# In-Loop AI Assisted Labeling

### Overview
This Jupyter notebook is a crucial component of the ReTeach project, focusing on the in-the-loop AI-assisted labeling task. It is designed to enhance the process of labeling educational transcripts by integrating machine learning models and human expertise. The notebook allows users to interactively label classroom session transcripts, thereby training the model to improve its labeling accuracy over time.

### Features
**Data Loading and Preprocessing**:

This section deals with importing classroom session transcripts from CSV files, and slice datasets when needed by streamlit UI.

**AI Labeling Initialization**:

Loading BERT Encoder model for initial label predictions.
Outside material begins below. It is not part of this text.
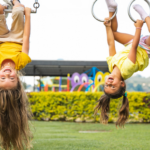 Playground Safety for Children - Rules and Precautions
The model predicts labels for the transcript text for each prediction.

**Model Training and Adaptation**:

The notebook includes functionality to retrain the model with the corrected labels, enhancing its prediction accuracy over time.
The process of model adaptation is iteratively repeated, improving the model's performance with each batch of labeled data.

**Batch Processing and Accuracy Tracking**:

Users can process variable numbers of transcript lines in batches based on previous batch accuracy.
The notebook tracks and displays the accuracy of the model’s predictions, adjusting the batch sizes based on performance.

### More on model used (BERT)
BERT (Bidirectional Encoder Representations from Transformers) is a groundbreaking model in the field of natural language processing (NLP) developed by Google. It represents a significant leap forward because of its deep understanding of language context and nuance. Unlike previous models that analyzed text in one direction, either left-to-right or right-to-left, BERT is bidirectional, meaning it considers the full context of a word by looking at the words that come before and after it. This feature enables BERT to capture a more comprehensive understanding of language structure and meaning.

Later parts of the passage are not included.